### What this task involves
Everything in the listing must be repeated exactly, apart from the images.

### Data extract
*** Block opens ***

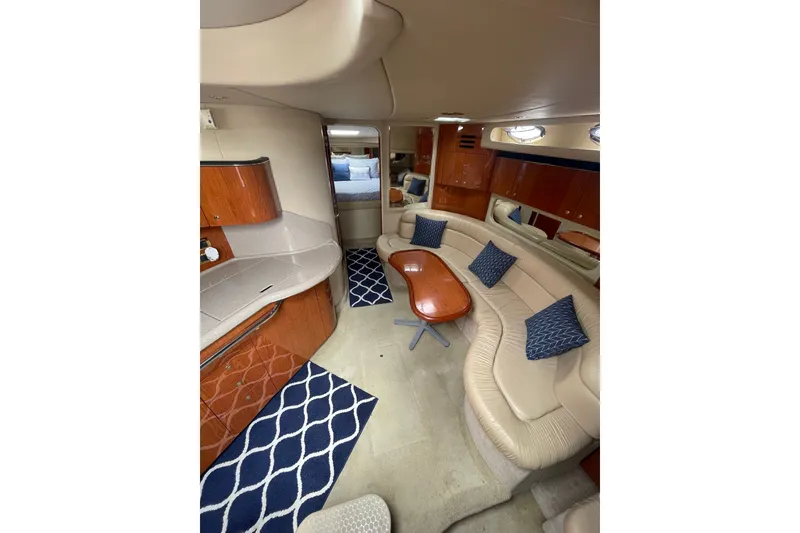 Slide: The Image of Luxurious interior of 2001 Sea Ray 380 Sundancer yacht with elegant seating and modern design. - 17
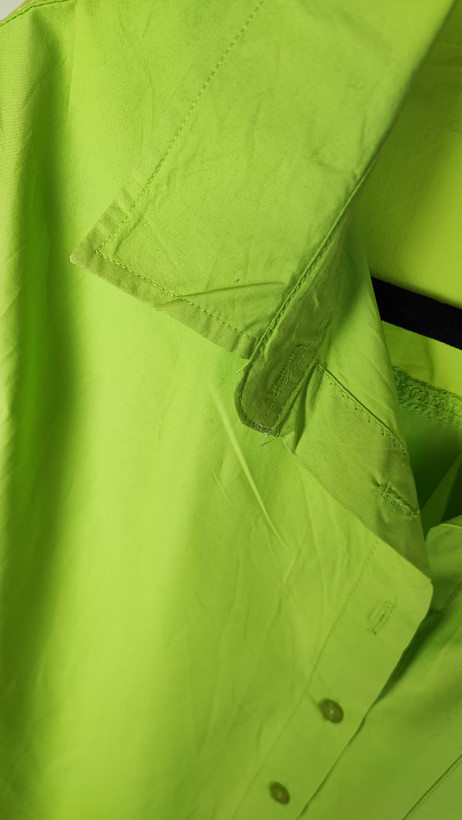 زن با شومیز لیمویی روشن آستینبلند و یقه برگردان دیده میشود. فرم لباس آزاد است و با شلوار جین تیره ست شده.»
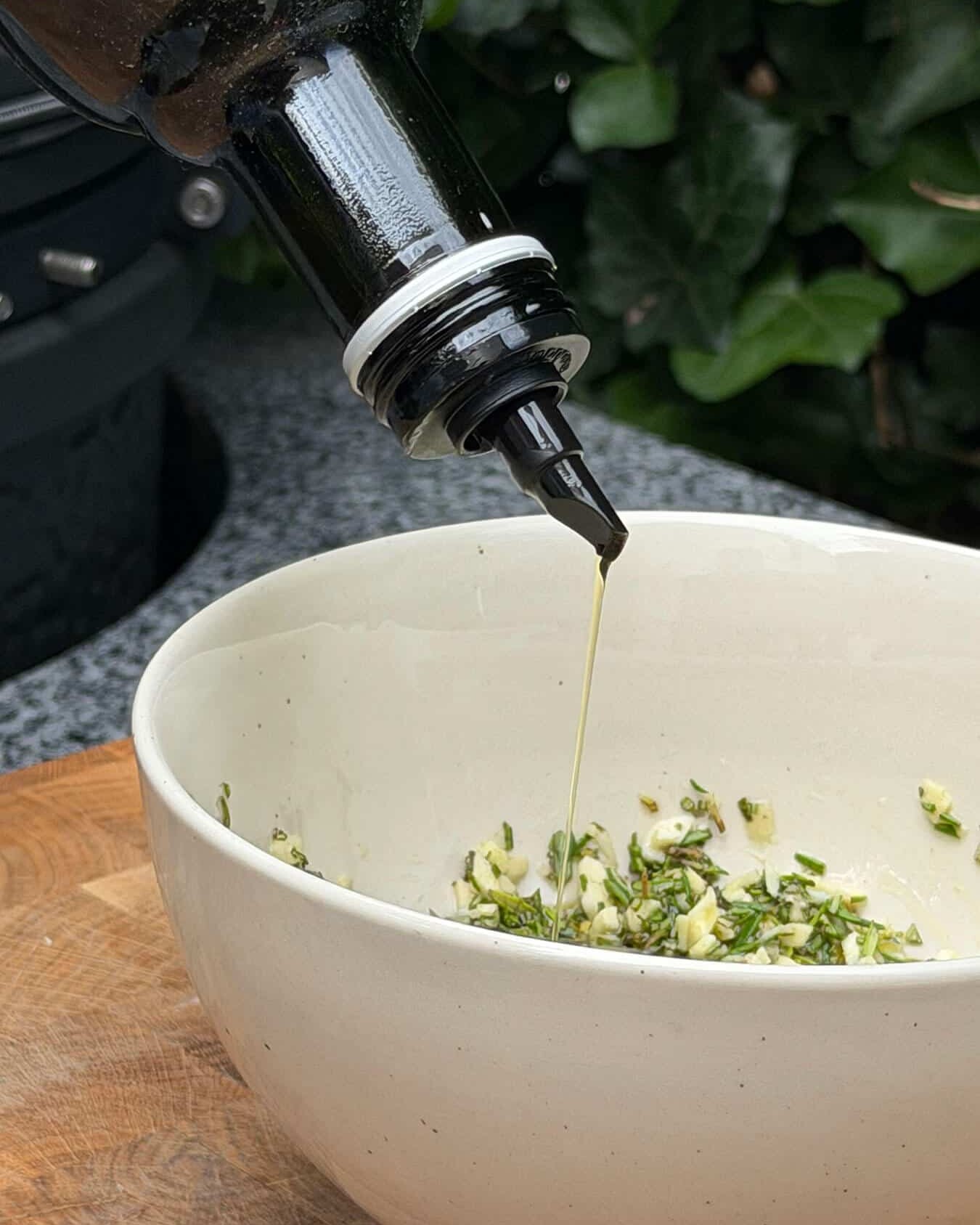 Olijfolie wordt toegevoegd aan een kom met knoflook en rozemarijn voor kip aan het spit. - Dutch BBQ Dude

*** Block closes ***

### Exercise response
 Slide: The Image of Luxurious interior of 2001 Sea Ray 380 Sundancer yacht with elegant seating and modern design. - 17
 زن با شومیز لیمویی روشن آستینبلند و یقه برگردان دیده میشود. فرم لباس آزاد است و با شلوار جین تیره ست شده.»
 Olijfolie wordt toegevoegd aan een kom met knoflook en rozemarijn voor kip aan het spit. - Dutch BBQ Dude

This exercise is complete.